In their SUV, along with their luggage, will be the
only two copies of Sidekick, which has been transferred
— thanks to funding by Telefilm Canada —
on to film.
“And really, one of those copies is too dark to
show,” says Sparaga.
Nod to geeks
In part, a nod to day-dreaming geeks everywhere, Sparaga
tacks up movie posters and hands out invitations at
comic book shops. He places ads in shopper newspapers.
He is quietly relentless in his self-promotion —
perhaps not a usual Canadian trait, he admits.
"It’s like I’m selling an elixir,”
the write-producer reasons.
One of his main leads, Perry Mucci — who plays
the sidekick to a pretty-boy office mate who realizes
he has telekinetic abilities — sold tickets in
a Halifax box-office during a showing.
While Daniel Baldwin was shooting a film in Toronto,
they convinced the actor — who played in Oliver
Stone’s Born on the Fourth of July but is more
recognizable as detective Beau Felton in TV’s
Homicide: Life on the Streets — to give up spare
time to play a comic book store owner in Sidekick.
Down
to earth star
He’d even drive himself to the small set.
“During breaks, he’d take me out to his
Hummer, and we’d go over lines and talk about
my career — very surreal,” recalls actor
Mucci, who grew up running down to his favorite video
store in the small Ontario town of Hastings.
Baldwin, recalls Sparaga, was just happy he was asked
to play someone other than a cop or a villain.
He convinced the Baldwin brother to sign up over coffee,
at a Toronto Starbucks — rather than Tim Hortons.
If the plot of Sidekick has some super qualities in
it, so to has the story of its making. Focus Features,
the U.S. company behind Brokeback Mountain and The Constant
Gardener, has optioned Sidekick for a possible re-make.
Focus Features had originally wanted Sidekick not to
be shown to anyone. But Sparaga believed his current
version could, if pushed, fly.
Won festival award
It’s won a film festival award in Toronto and
in a rather remote one in the Ozarks.
And along the way, has captured more than a bit of our
secret identity.
“There’s a lot about Canada in this,”
Sparaga, who turns 33 on his tour, says.
“We are the sidekick to the United States. (The
sidekick in the movie) is a peacekeeper, who’s
trying to guide the man with all the power.

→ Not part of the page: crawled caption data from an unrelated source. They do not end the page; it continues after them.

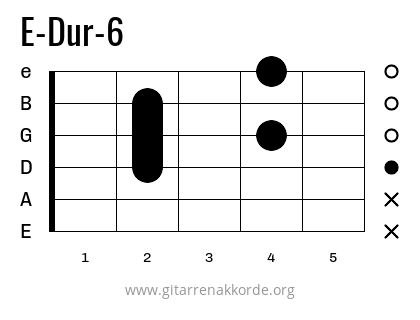 E-Dur-6 Griffbild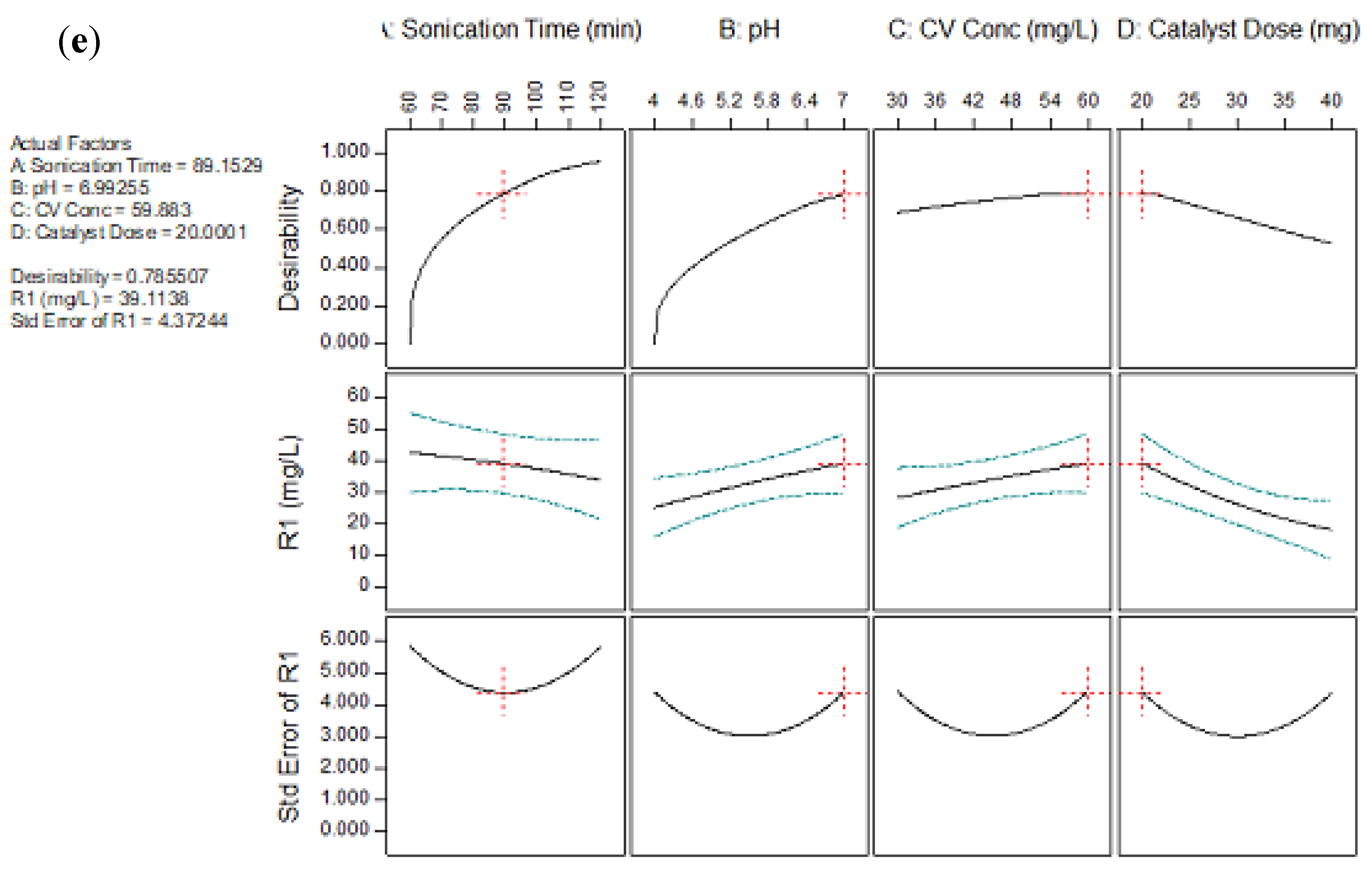 Nanomaterials 10 02402 g006b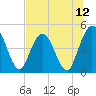 Sawpit Creek tide chart for Saturday, July 12, 2025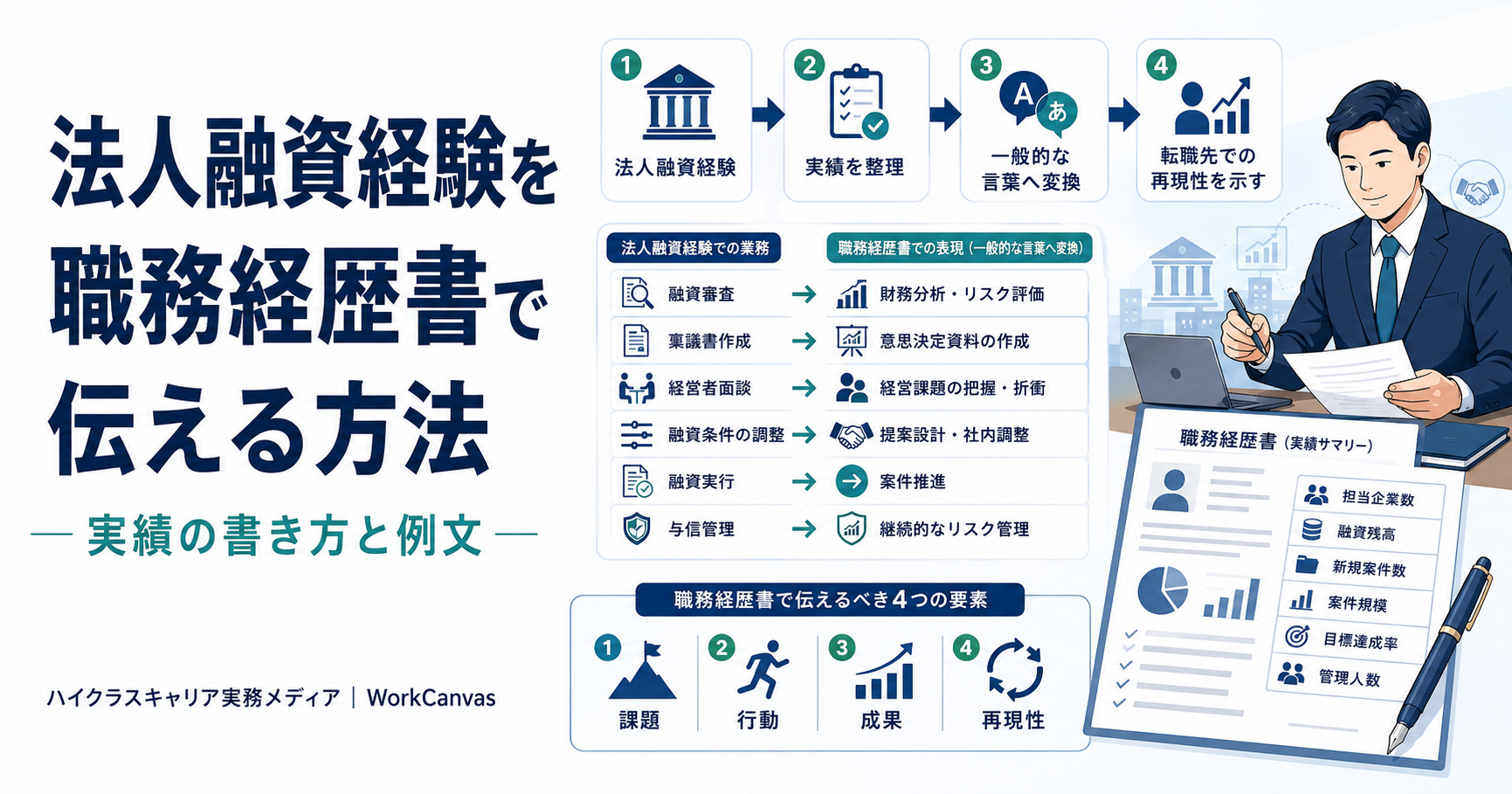 法人融資経験を職務経歴書で伝えるための実績整理と言い換え方法を示した図解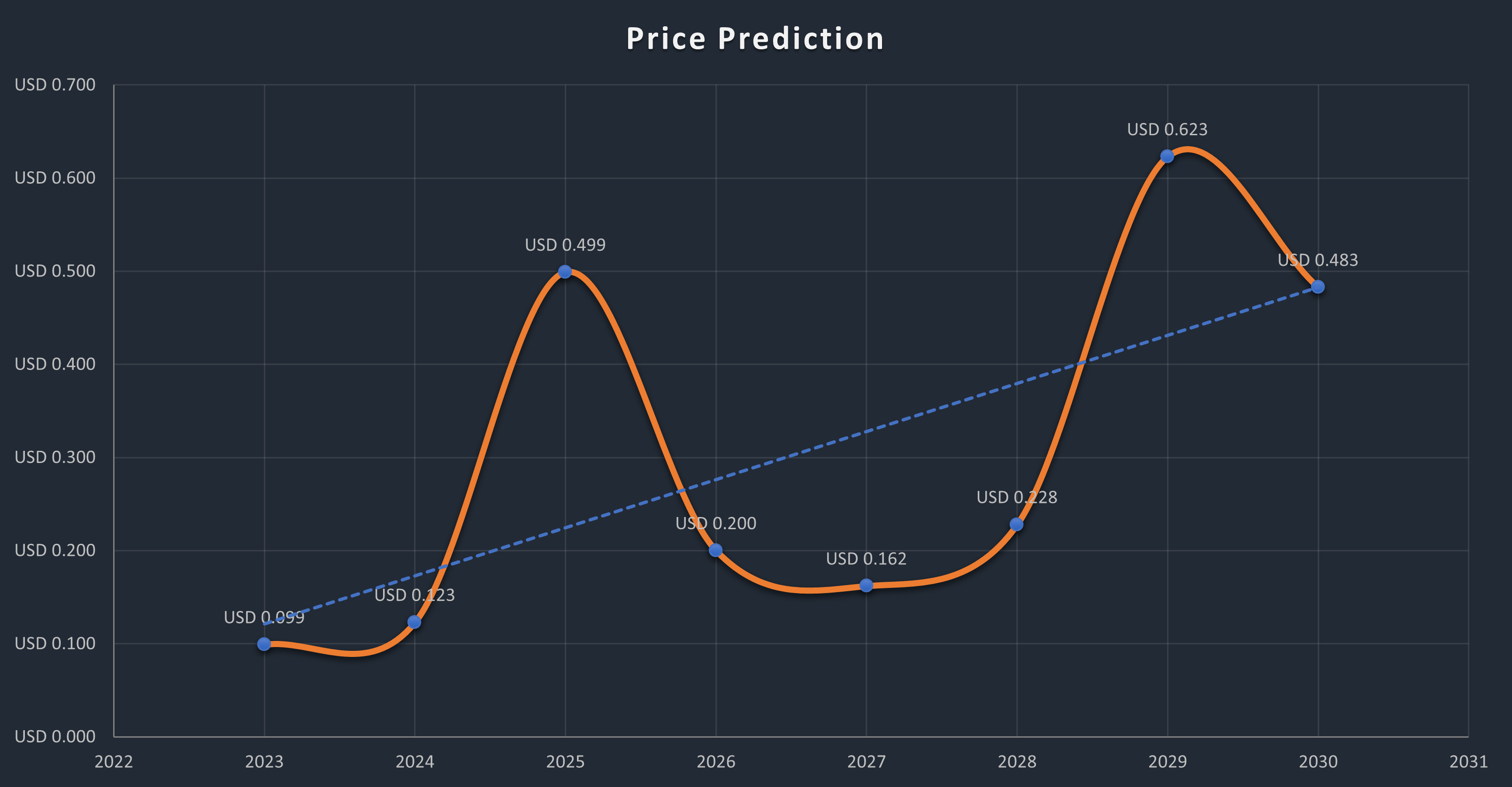 HBARUSDT Charts and Quotes — TradingView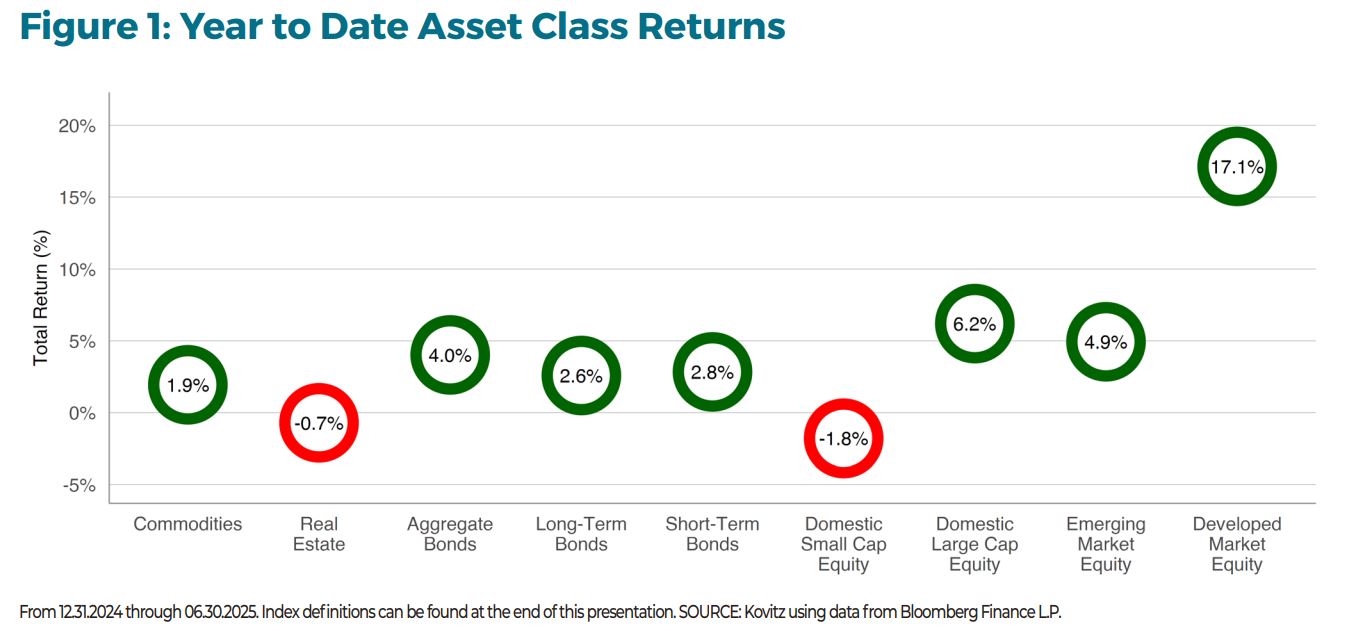 YTD Asset Classes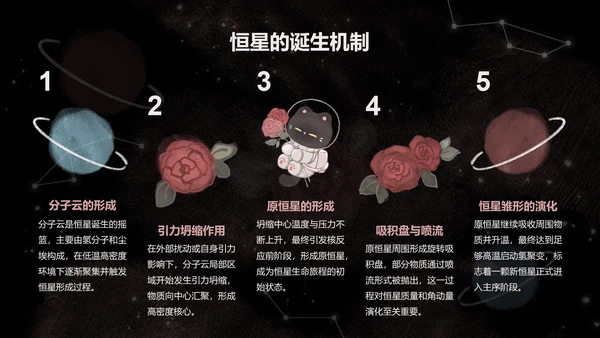 宇航黑白猫黑色卡通风宇宙知识科普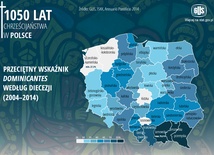 Kościół w Polsce w liczbach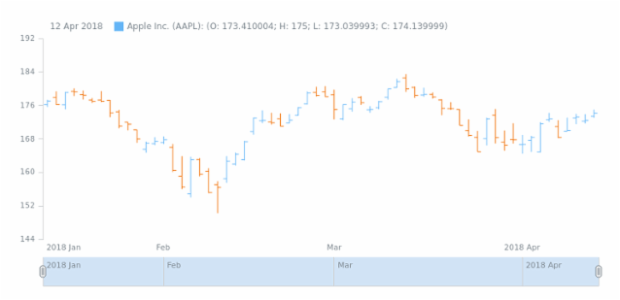 OHLC Chart created by anonymous, An OHLC (Open-High-Low-Close) Chart is a financial chart used to illustrate price movements over time. Each vertical line here shows the price range (the highest and lowest) and has tick marks which show the opening price(on the left) and the closing price (on the right). It is rather similar to Japanese Candlestick chart but lacks the colored body.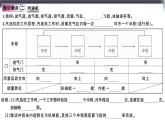 13.3  内燃机 练习课件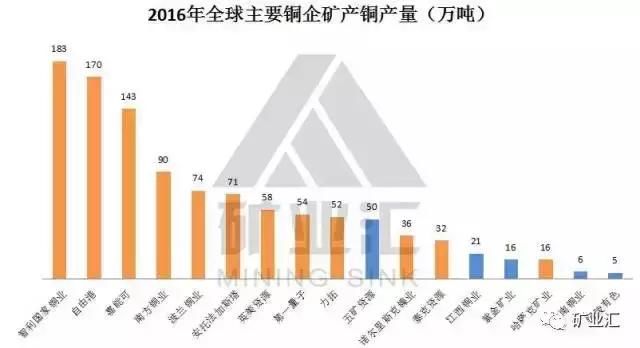 霸气！世界级矿山在手，中国这些矿企将改变全球矿业的游戏规则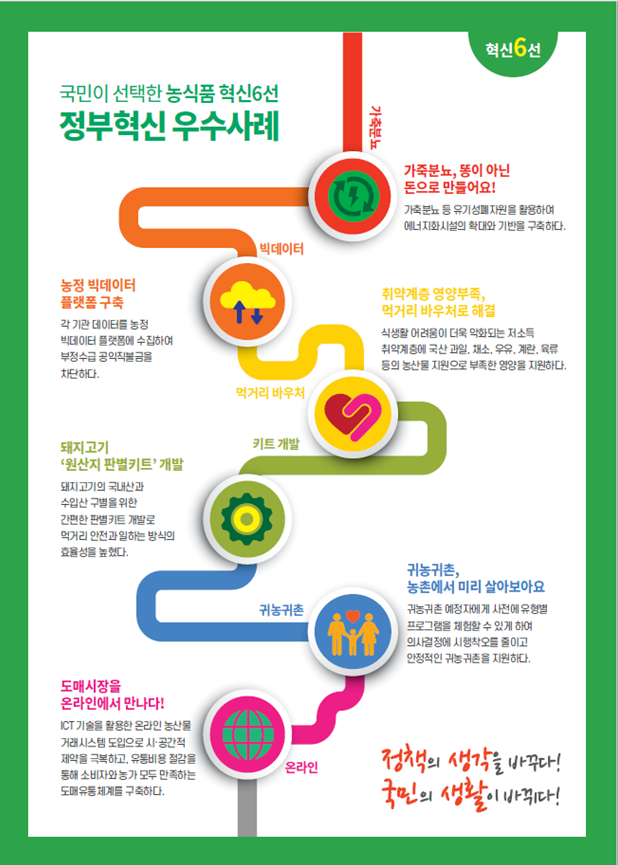 농식품 2021 혁신 우수사례 6선@농식품부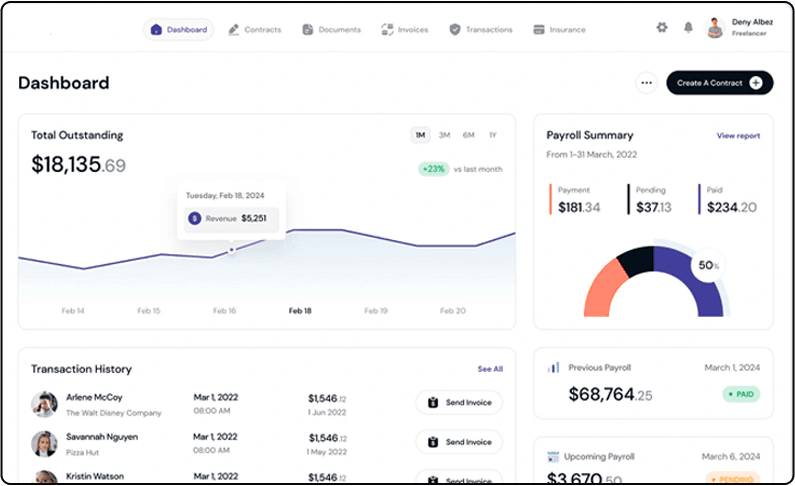 HR Software Development Services | Seamless Payroll Integration
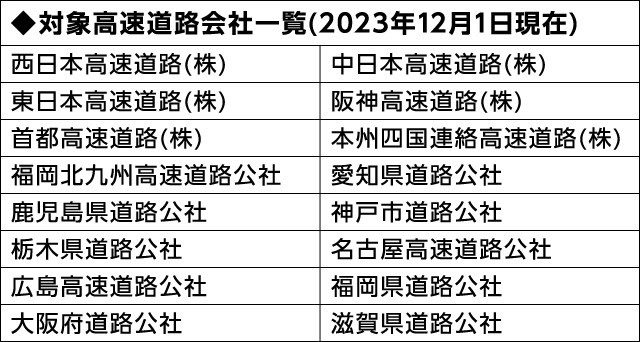 ◆対象高速道路会社一覧(2023年12月1日現在)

“The sidekick somehow expects it to be used for
good and the betterment of people.”
Sparaga himself longs for the days of film when everyone
didn’t seem so jaded or sarcastic.
“I grew up on Gremlins and Back to the Future,
but I also grew up seeing (Canada’s) Littlest
Hobo and Degrassi,” he adds.
“It’s so Canadian, that the first superhero
film I make is about a sidekick.”
And his own favourite hero? The Canadian-born Superman.
“I love to believe there’s someone out there
who is that good to people,” he imagines.
But the movie Canadians — after the screenings
— are asking him to consider next.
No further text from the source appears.